Wednesday, 21 September 2016

problems with shade

The three Roscoea x beesiana I planted down in the ditch bed in the spring did not do at all well.  I bought them as dried bulbs from small bulb specialists Broadleigh, potted them up individually and grew them on in the greenhouse before planting them out in the summer.  The bulbs are strange, fleshy, multi-fanged things, more like an Erythronium than anything else I'v handled, and I was careful not to let them sit too wet after losing pots of actual Erythronium to rot through over zealous watering.  They made slightly sad little tufts of leaves, and then I read that they should be planted four to six inches deep to protect the bulbs from frost, so I had to virtually bury the leaves when I planted them out.  This may or may not have set them back.

I am partial to Roscoea.  The plant centre used to sell a rather brash purple one, but R. x beesiana is subtler, pale yellow with purple streaks.  The flowers are quite exotic, vaguely reminiscent of some sort of orchid with lower petals that hang down like the falls of an iris, and upper petals that stick up like perky rabbit ears.  They are supposed to grow in partial to full shade, and flower later in the year than most woodland plants, and I thought they would bring a welcome touch of summer interest to the ditch bed.

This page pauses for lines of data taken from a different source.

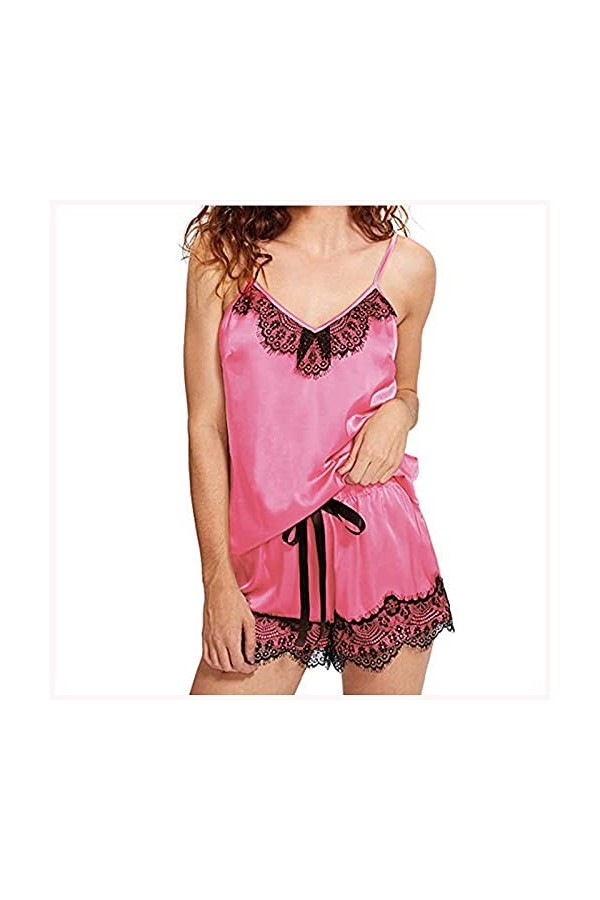 Briskorry Lingerie sexy 2 pièces en dentelle nuisette en soie synthétique - Sans manches - Tops - Lingerie sexy - Lingerie en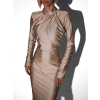 Krémové nude třpytivé koktejlové šaty CYNTIE
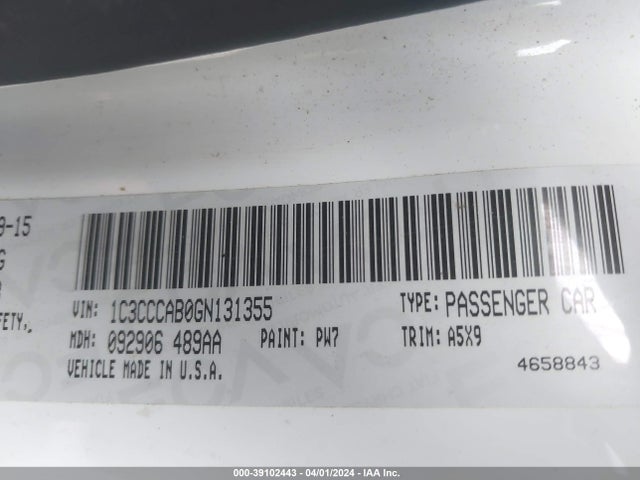 1C3CCCAB0GN131355 Chrysler 200 Limited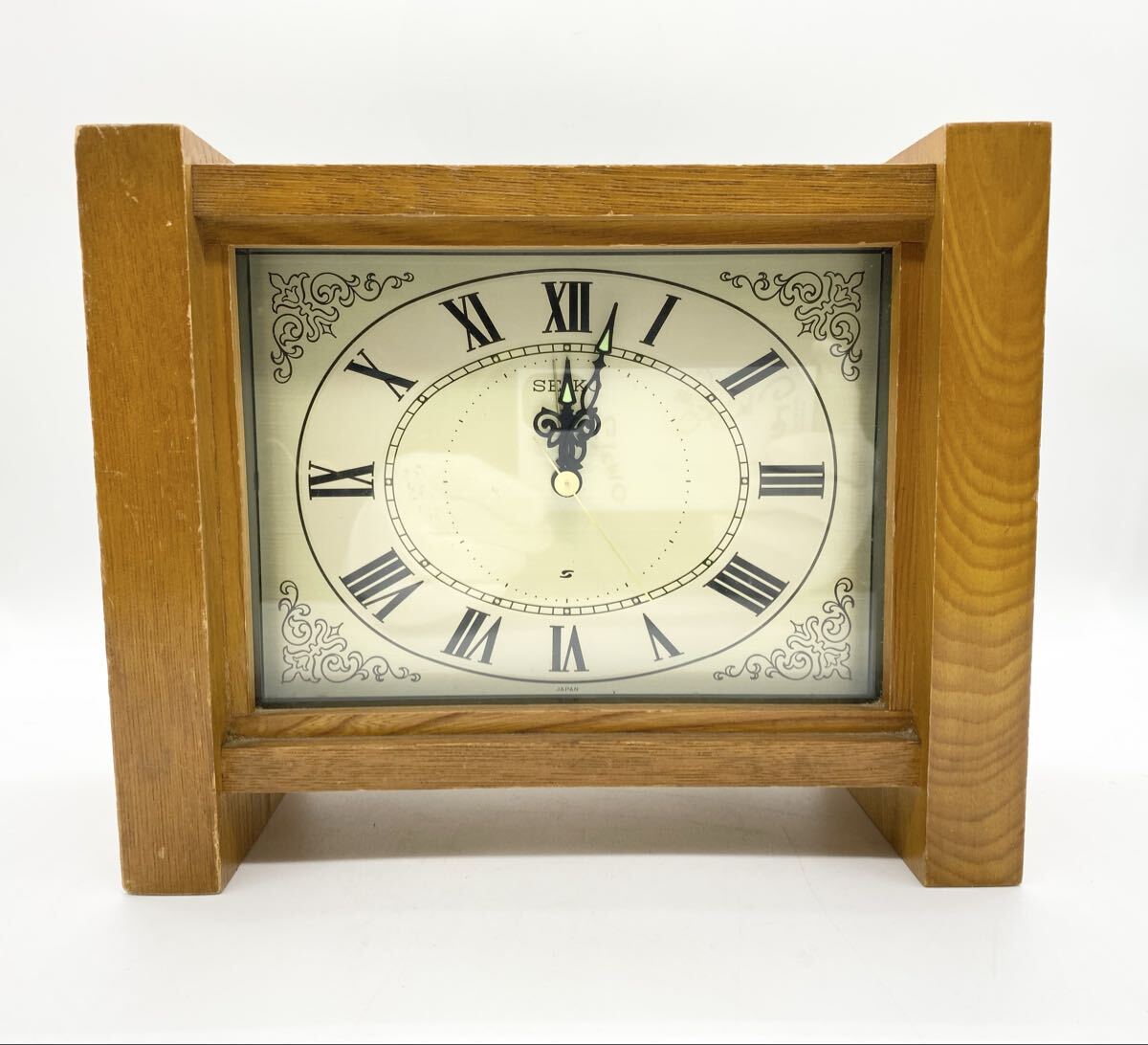 【稼働品】◇SEIKO 木製フレーム 置時計 TP455 QUARTZ 昭和レトロ ヴィンテージ◇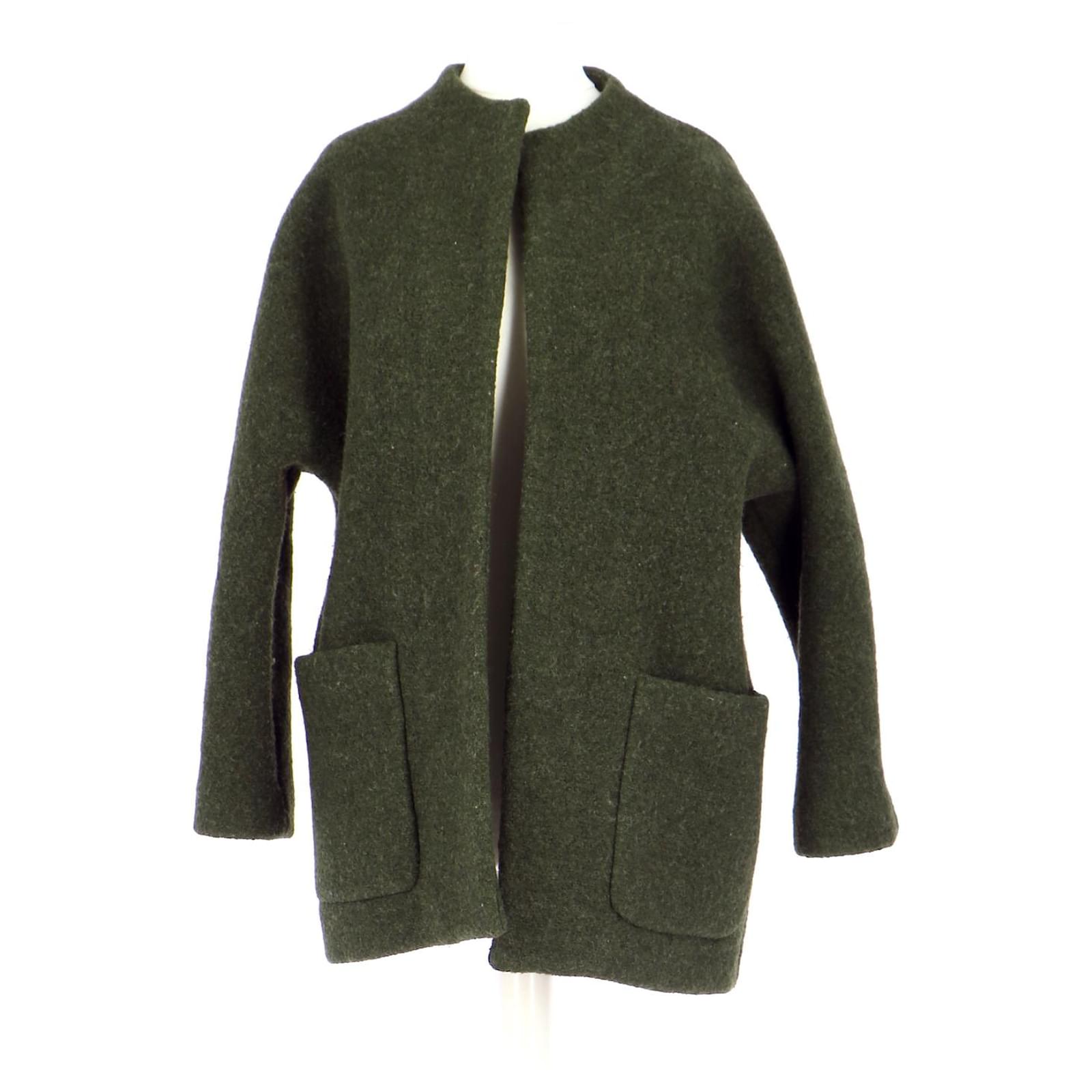 Poncho réversible à col en fausse fourrure en vert foncé - Retro, Indie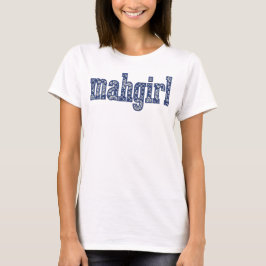 Chinoiserie op maat met naam Mahgirl achterop T-shirt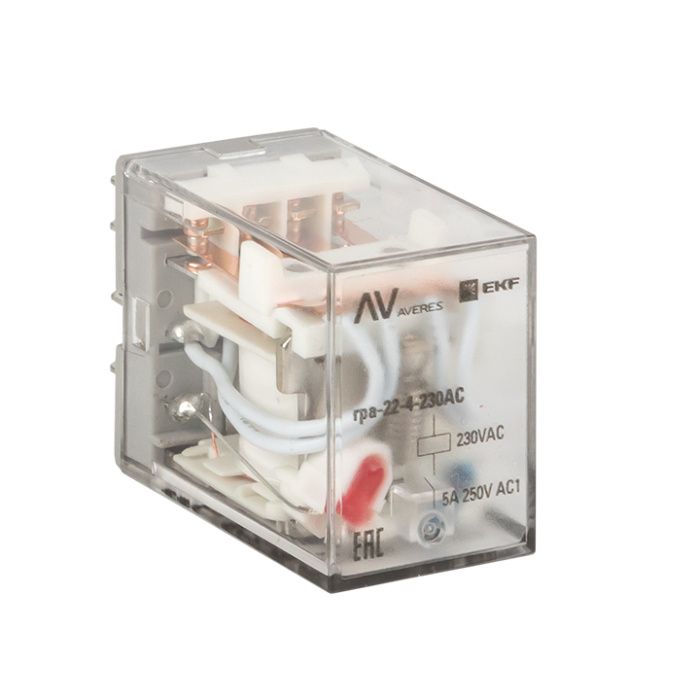 Реле промежуточное RPA 22/4 5A 230В AC EKF AVERES rpa-22-4-230AC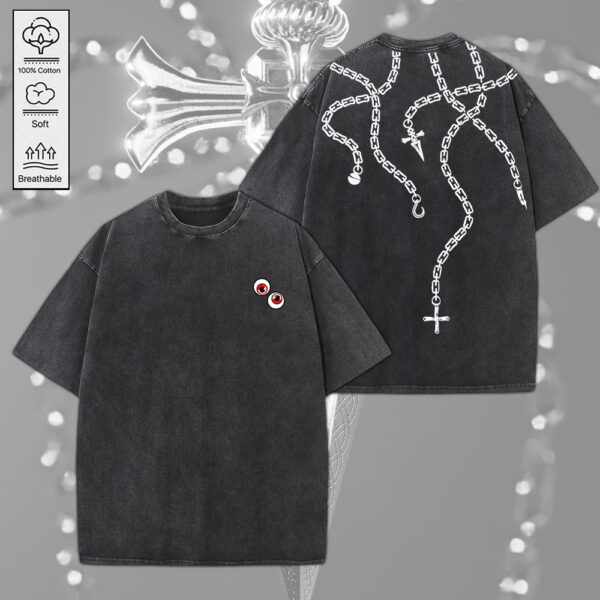Kurapika Judgement Chain x Hunter x Hunter 2D Acid Washed Cotton Shirt - MEDIA 089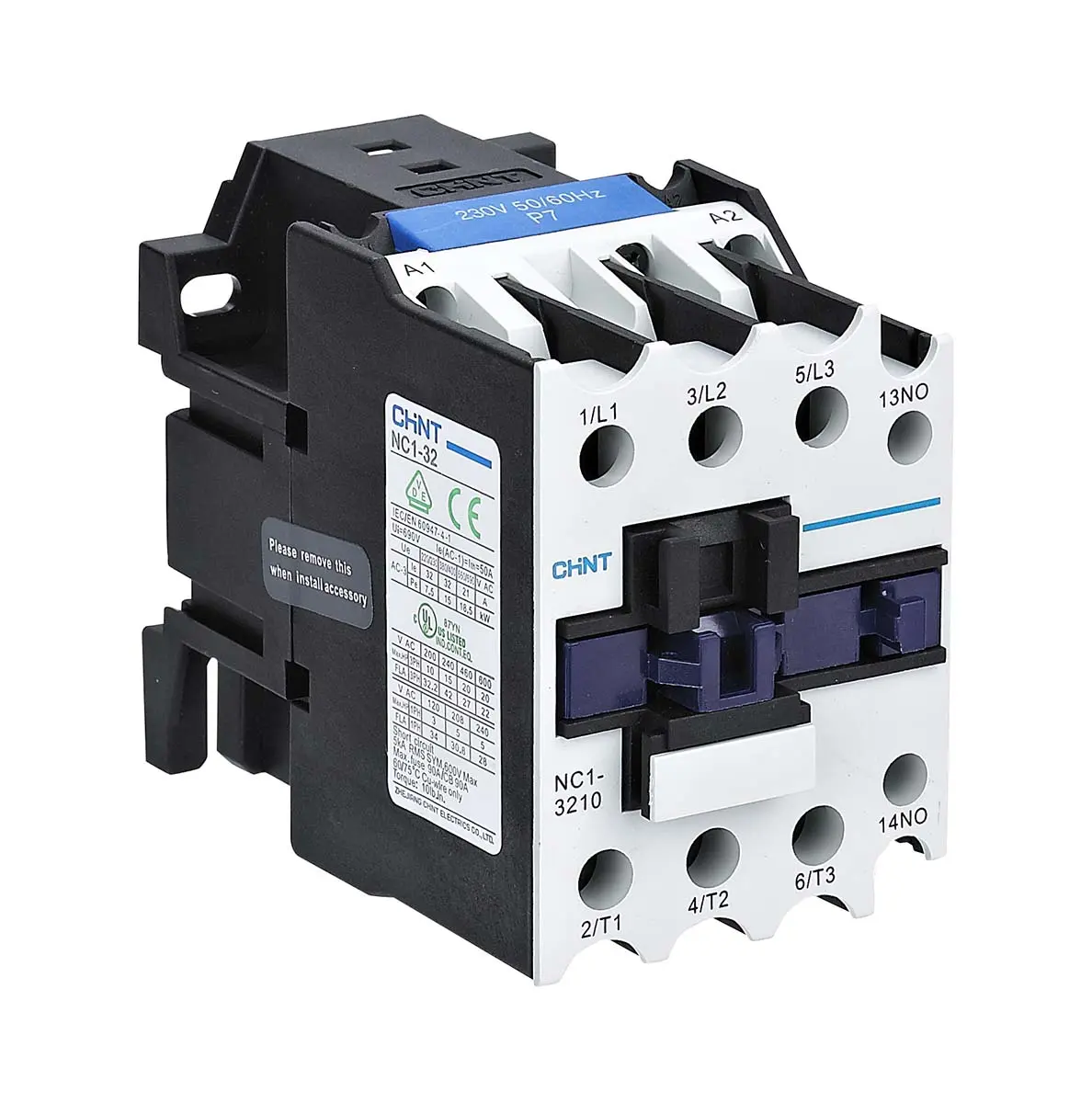 Produktfoto 1 von CHINT NC1 Schütz 230 V ac-Spule, 3-polig, 888V / 32 A 24 V 15 kW 1 Schließer Umkehrend 888-Hilfskontakte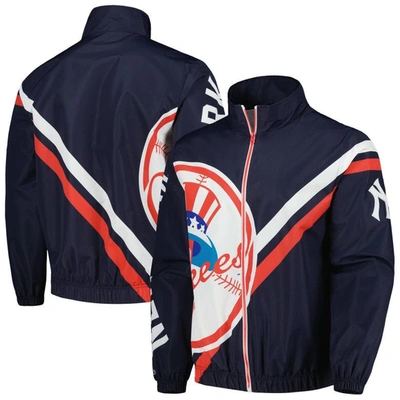 Mitchell & Ness Men's  Navy New York Yankees Exploded Logo Warm Up Full-zip Jacket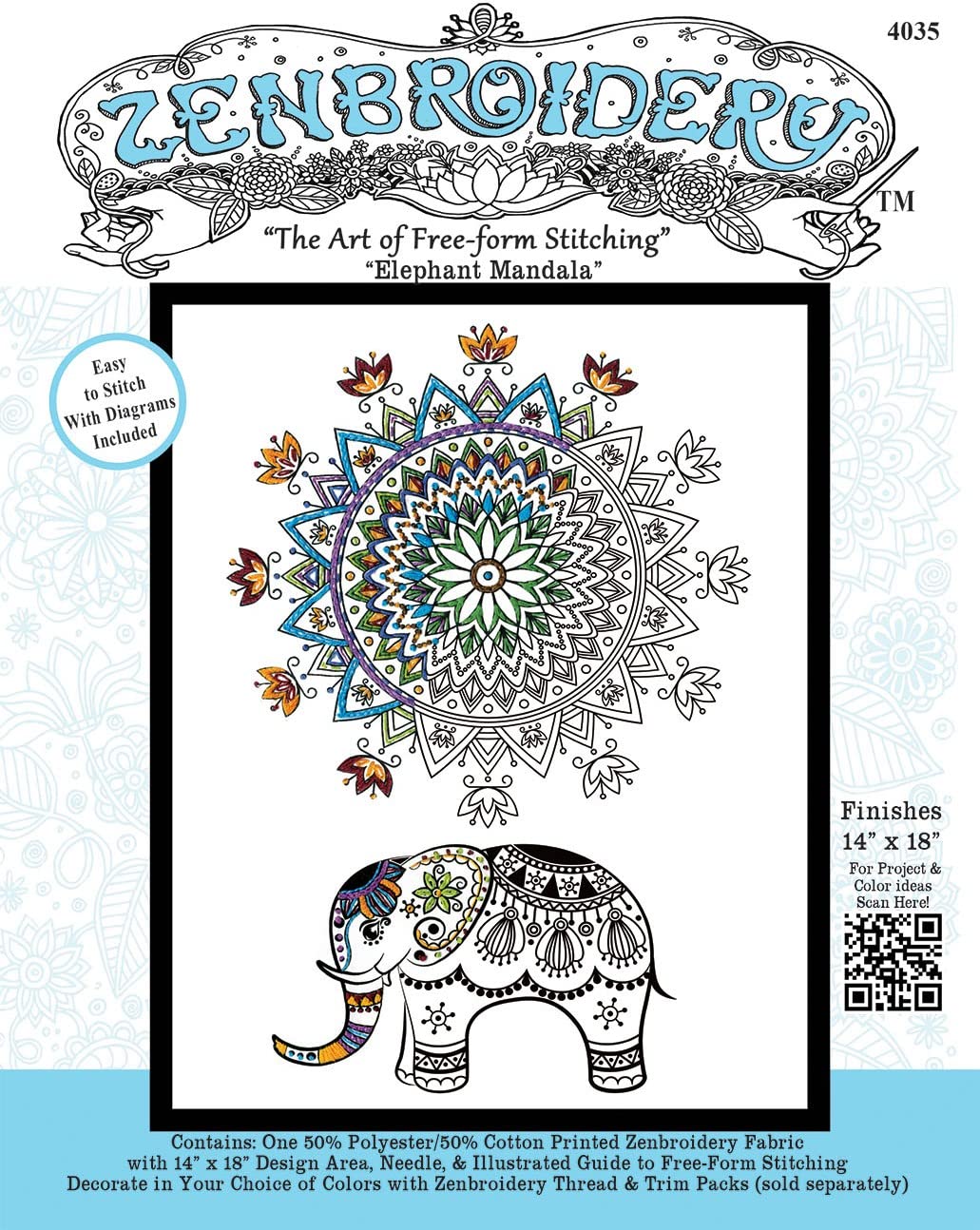 Elephant Mandala Zen Embroidery Kit for Adults - DIY Handmade Craft Design Works - Perfect for Relaxation, Meditation & Home Decor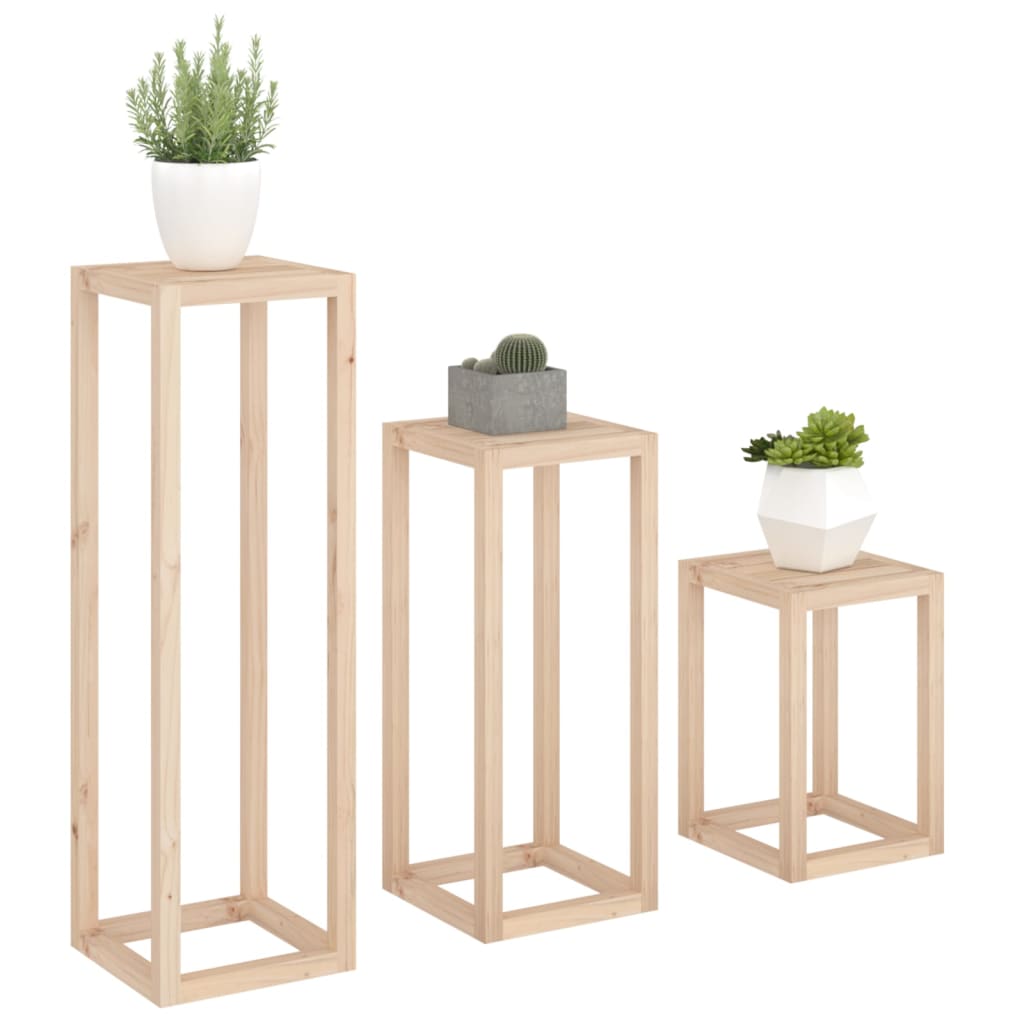 vidaXL 3-tlg. Pflanzenständer-Set Massivholz Kiefer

Things didn't work out like that.  Nothing ate them so far as I could see, but the leaves remained small and spindly, and the plants never rallied their energies enough to flower.  Looking at the spot where I had them I had to admit that nowadays that end of the ditch bed really is dark in summer. In late winter and spring before the leaves on the trees are fully out it's fine for snowdrops and primroses, but by the middle of the year it has turned into a very gloomy tunnel as the trees have grown, with three river birches on one side and my seed raised Zelkova carpinifolia on the other. There's shade and then there's shade, and this seems to be too much shade.  A willow leaved gentian I tried nearby after seeing one flowering one September at Wallington in Northumberland has done equally badly

So this afternoon, before the pathetic leaves could disappear entirely and I lost track of where the bulbs were, I very carefully dug them up again.  The soil in the ditch bed was quite dry, which may not have been to the Roscoea's liking either.  The bulbs weren't actually too bad, with modest signs of growth in the form of a few knobbly white protuberances.  I potted them into modest nine centimetre pots for the while, mainly to keep them from drying out, reasoning that as Broadleigh sold them in their spring catalogue they presumably weren't doing much in the autumn, and put them in a propagating case out of reach of the mice with a note on the label to pot them deeper next spring once they were in active growth, and a mental note not to over water them in the meantime.  Next year, if they survive the cold and damp and mice over the winter, I'll need to find them a new and lighter home.